3. The proof of Theorem 4 requires the assumption that honest voters make no mistakes for analytical tractability. Without this, proving theoretical guarantees in crowd-sourced settings even without adversaries for general graph structures is notoriously hard (see [9]). Our work has an added complication due to the presence of adversaries. Empirically, our hard (and soft-) penalty algorithm improves existing algorithms (Majority, EM and ITER) even when honest voters commit mistakes (see Table 2). If required, we can present additional empirical results and extend our theory bounds for special graph structures.

4. Evidence for sophisticated adversaries: Our assumption of sophisticated adversaries in Theorems 3 and 4 is common in the security community. This assumption also holds in practice as demonstrated by several real world examples: [1] shows rating manipulation using fake accounts on; [12, 14] show examples of malicious activity in crowd-sourced systems; Molavi et al. show rating manipulations on Yelp; Mukherjee et al. show fake review groups that collaboratively target products in Amazon.

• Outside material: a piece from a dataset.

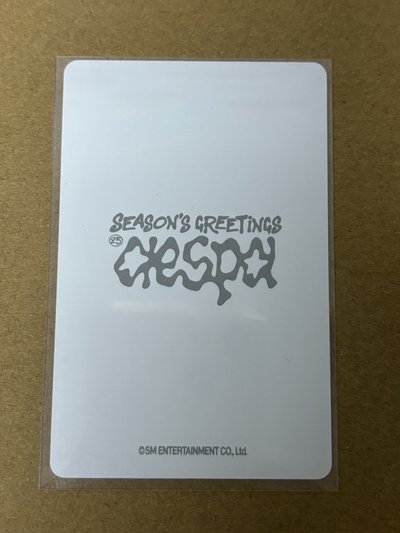 aespa 2025年曆 隨機卡 後續 柚吉雙人卡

We apologize for the lack of clarity in exposing the tight relationship between Theorem 3 and Theorem 4 bounds in the paper. It is easy to show that when the top k users have distinct semi-matching degrees, then the lower bound L in Theorem 3 satisfies L >= (d_1 + d_2 + ... + d_{k-1})/2. This establishes the near optimality of Theorem 4 (upto constant factor) even under worst-case adversary settings.
Also, the bounds themselves become immediately interpretable when, for instance, the honest-user voting graph is r-right regular and an (alpha, beta) vertex expander from the objects to the users (the number of neighbors of every set S of objects of size at most (alpha m) is at least (beta |S|): here L >= k/(2r) and L <= k/(2 beta) provided alpha > k/(m beta), where L is as defined in Theorem 3. If the expander is randomly constructed, then asymptotically, r and beta will be ``close'' to each other, so that our bounds become tight. In addition, for the upper bound in theorem 4, we have that d_1 + … + d_2k <= 2k d_1 <= 2k/beta. Thus, for the case of a regular expander, the upper and lower bounds are tight (up to constants).

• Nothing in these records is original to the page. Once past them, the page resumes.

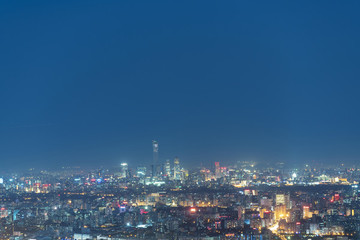 俯瞰北京城市夜晚風(fēng)光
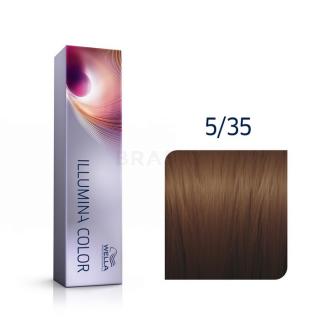 Wella Professionals Illumina Color professzionális permanens hajszín 5/35 60 ml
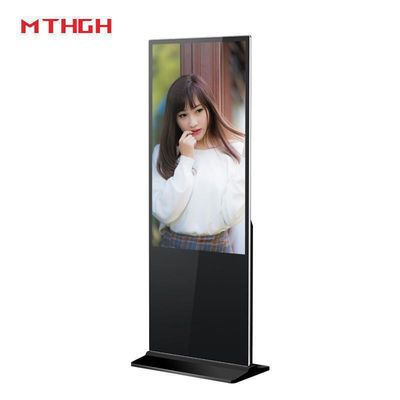 49 인치 바닥 서 있는 디지털 디스플레이 디스플레이를 위한 Wi-Fi/Bluetooth/USB 연결
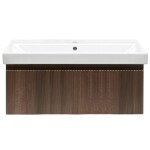 Kúpeľňová skrinka s umývadlom SAT Evolution 98x30x44,8 cm orech mat SATEVO100NAU1 SATEVO100NAU1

1. One of the reviewers points out that the ITER algorithm may be improved by normalizing the messages by the degrees of the nodes. We implemented this version of the algorithm (which we call ITER+). ITER+ outperforms ITER, but the hard-penalty algorithm still improves the performance of ITER+ consistently (with ~8% increase for the task2 dataset). We will report these results as well in the final version of the paper.
2. Threshold dependence (removing 20% of users for simulations and removing upto 10 users for the real-world datasets): One of the challenges in our algorithms is deciding how many users to remove in the filtering stage, which clearly depends on the setting. The results qualitatively remain the same upto removing 25% of the users in the simulations. For the real datasets, our algorithm matches or improves the accuracy for most cases when we remove upto 10 users.

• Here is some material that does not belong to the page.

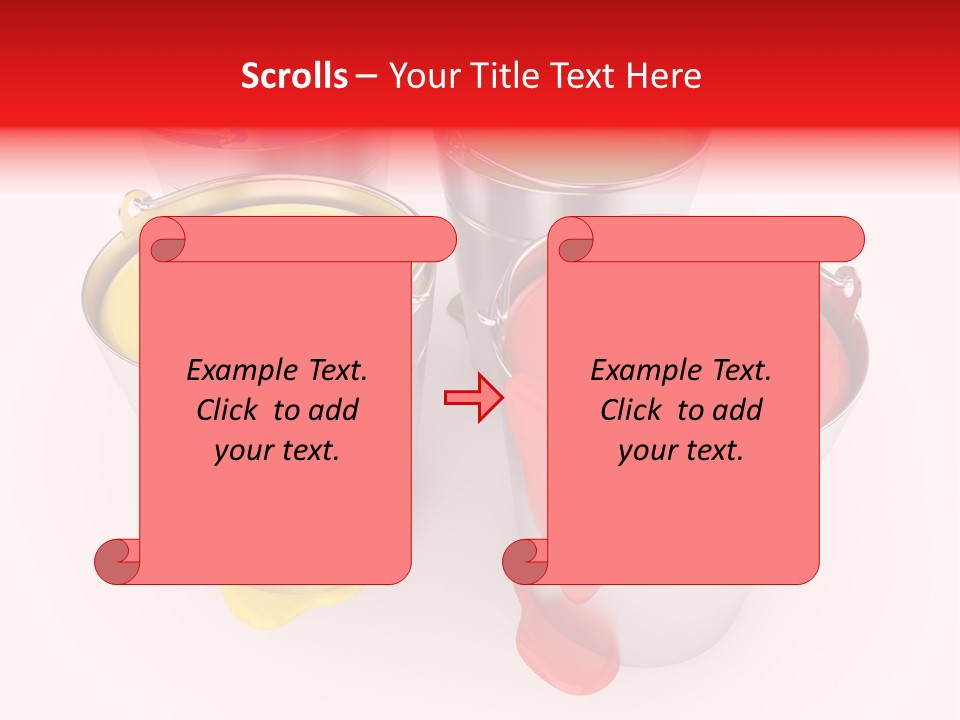 Buckets With A Paint PowerPoint Template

Soft (hard) penalty algorithm performs better when the adversaries tend to have lower (higher) degrees. Theoretically, we can show that (see point 1 in HARD PENALTY ALGORITHM and Algorithm 2.1) the soft penalty algorithm normalizes the penalty by the degree of the user whereas the hard penalty does not, which implies that soft penalty is less influenced by user degrees. Empirically, for the real-world datasets, the un-normalized soft-penalty algorithm had a performance similar to the hard-penalty algorithm; we did not report these results due to space constraints. For simulations, soft (hard) performs better when the low (high) degree nodes are adversaries. Note that in Table 1, MV(soft) and MV(hard) had the same performance for uniform-high strategy while ITER and ITER(hard) had the same performance for the malicious-high strategy. These insights will be added to the final version.

The soft-penalty algorithm does credit agreements by assigning a penalty equal to 1/(number of users who agree with the user) for each object. Since hard and soft-penalty are closely related to each other (see above), the hard-penalty algorithm (with a random semi-matching) also implicitly credits agreements.